By Phillip N. Schuyler.

New York. Dr. Walter Franklin Prince recently went to investigate the ghosts, but today, it was revealed, the ghosts are investigating Dr. Prince.

Back from the snow-bound wilds of Antigonish where he discovered the fire-setting ghost of the MacDonald farm to be Mary Ellen MacDonald, herself, Dr. Prince today told about a ghost of his own, somewhere in New Jersey.

The American Society for Psychic Research investigator described to the Untied Press the antics of his private spook, which for months has caused alarm and amazement in his New Jersey home. The whereabouts of the unearthly visitor’s demonstrations, Dr. Prince declined to disclose, saying it would not increase the value of property if the facts were known.

MORE REMARKABLE

Dr. Prince’s ghost, from his statements, appears even more remarkable than that of Antigonish. It rocks beds, producing a sensation akin to sea-sickness, in the occupier, it raps, imitates a peg-legged man walking on the floor above the haunted room and gives other unearthly demonstrations of its presence.

Like the spook of Nova Scotia, Dr. Prince’s private spirit is dependent upon a girl for its communication with this world.

Theodosia Prince, the scientist’s daughter, is very psychic.

“I have lived in the house where this ghost is demonstrating for three years,” Dr. Prince said. “It made known its presence by raps which continued at times for months.

“Visions of persons never known to my family or myself floated in the air. Later they were identified.

FOOTSTEPS HEARD

“Footsteps of a man with one leg shorter than the other were heard waling above our heads. We learned that a man so deformed had died in this very house 15 years before.

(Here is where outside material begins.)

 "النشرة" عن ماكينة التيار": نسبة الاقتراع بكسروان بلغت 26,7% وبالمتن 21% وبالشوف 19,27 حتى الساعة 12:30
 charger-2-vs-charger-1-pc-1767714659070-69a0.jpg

“My daughter Theodosia tells wonderful things with the aid of a crystal. She was able to describe furniture on the third floor of this house as it existed many years before we occupied it.

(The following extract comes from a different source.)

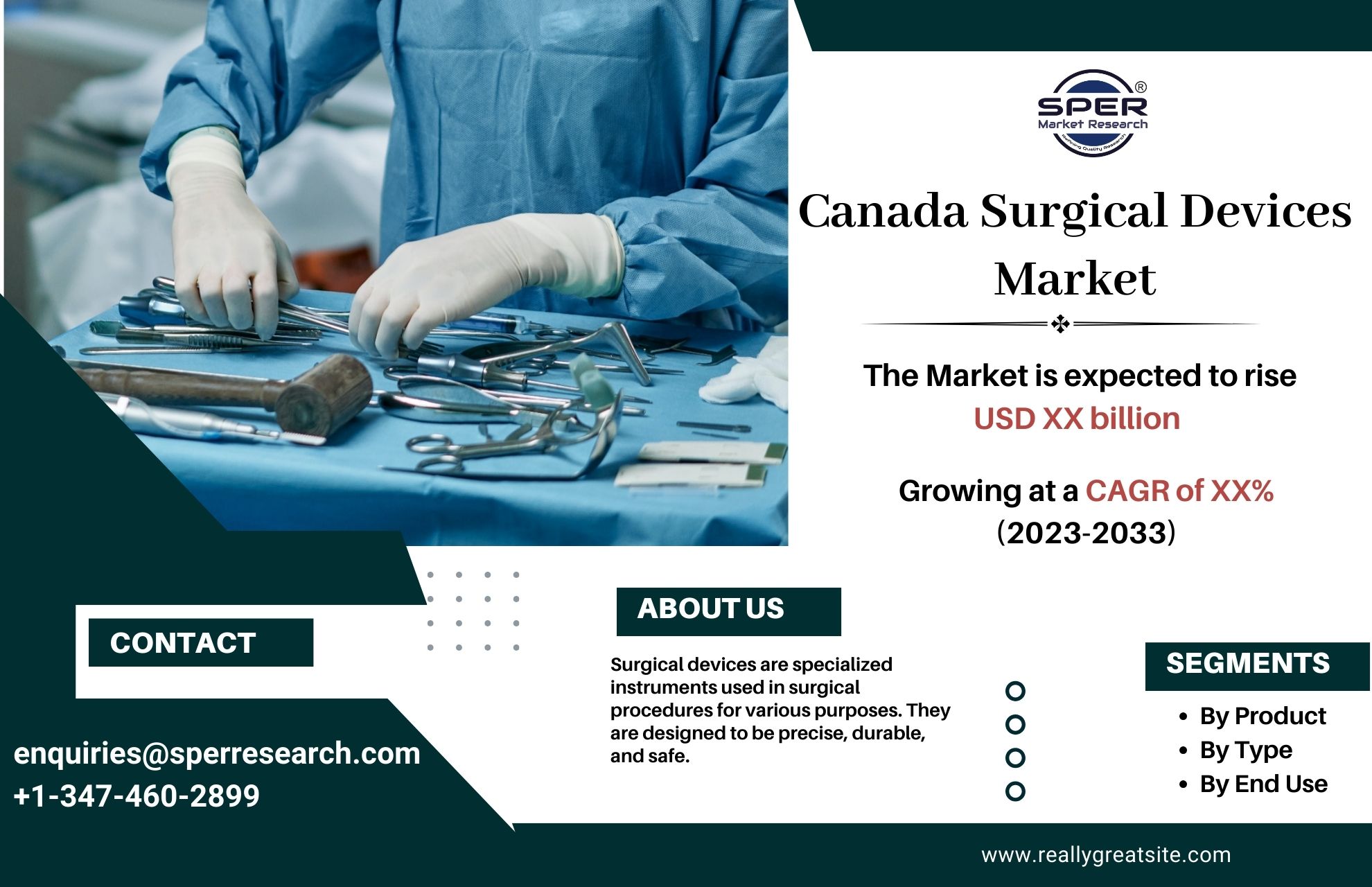 Canada Surgical Devices Market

“Recently the ghostly rappings have occurred in my office.

“These are not heard by others than myself. They usually occur in groups.

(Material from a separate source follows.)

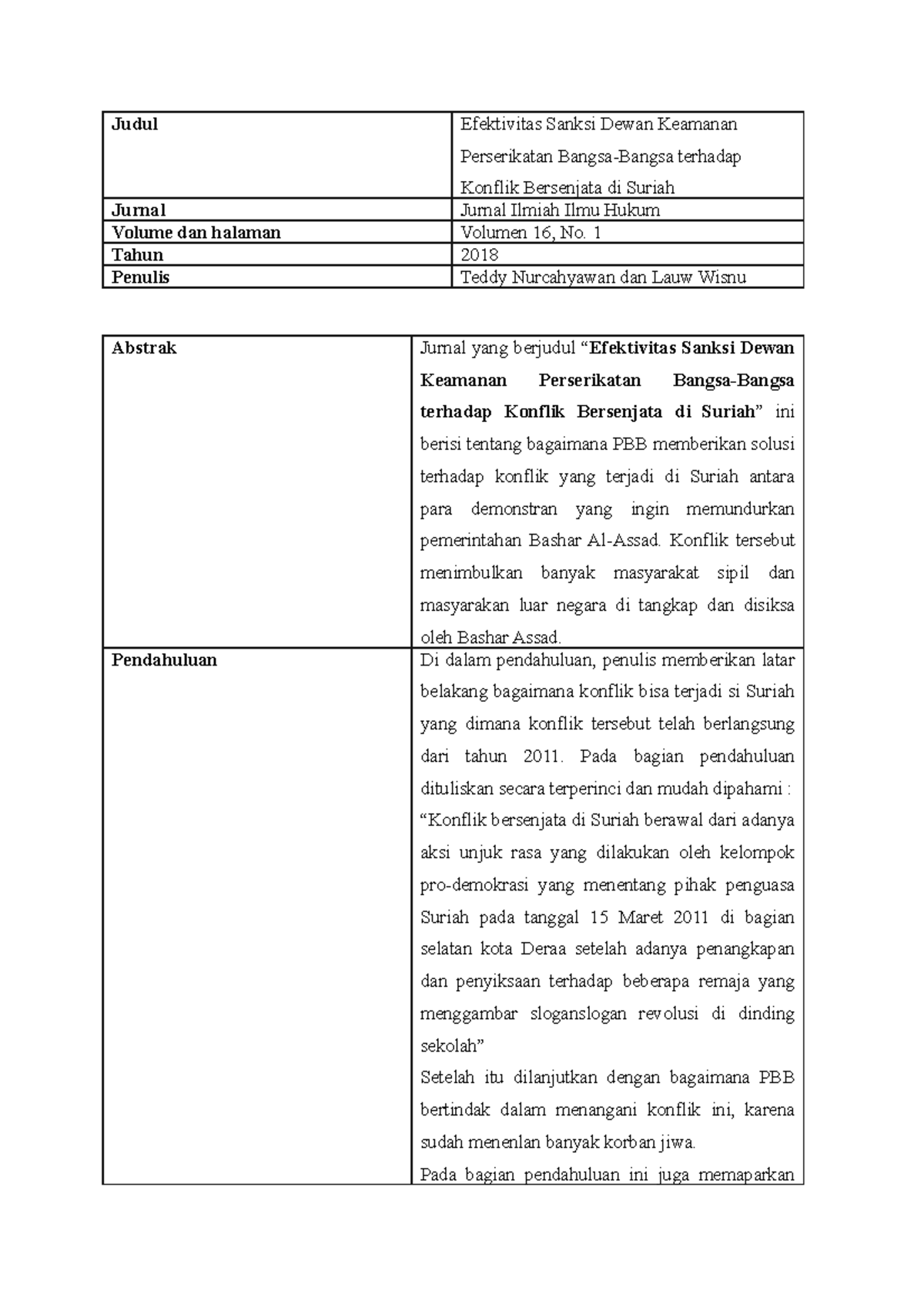 Resume Jurnal Efektivitas Sanksi Dewan Keamanan Perserikatan Bangsa ...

“One phase of the unearthly phenomena at my New Jersey home was the violent shaking of my daughter’s bed after she retired. This would keep up sometimes for half an hour. When I occupied the bed the same thing occurred. It produced a feeling akin to seasickness.”

Lima, [OH] News 22 March 1922: p. 2

 Given the poltergeist features of this haunting, we should not be surprised to learn that Theodosia Prince was an adopted foster daughter with multiple personalities. The history of poltergeist vectors is full of children with traumatic backgrounds and operating in states of dissociation. (See this previous post on incendiary poltergeists for some examples, including the Antigonish case. Another example would be the story of Tina Resch of Columbus, Ohio.) 

Theodosia grew up with a violent and probably sexual abusive father. When he hurled her to the floor when she was three years old, she began to show signs of dissociation. Prince was an Episcopal priest in Pittsburg when the dysfunctional family came to his attention. He and his wife adopted the child in 1908 to rescue her from her family’s chaos. Other shocks, such as the death of the girl’s real mother, led to the emergence of other personalities such as “Sick Doris” and “Sleeping Margaret.” In what would probably be considered a conflict of interest, Prince then studied “Doris Fischer,” as he called her to protect her identity and wrote a number of studies about her five personalities and the process of re-integrating those personalities. You can read an article about “Doris” by Prince and Dr. James Hyslop here. A whole list of references is given here.  The theory of multiple personalities is today controversial, but was widely accepted and studied at the time Dr. Prince was doing his research. Dr. Prince is also famous for studying another woman who may have been a case of “split personality:” Pearl Curran, who channeled  the literary output of Patience Worth, supposedly the spirit of a 17th-century Englishwoman. [another post, another day.]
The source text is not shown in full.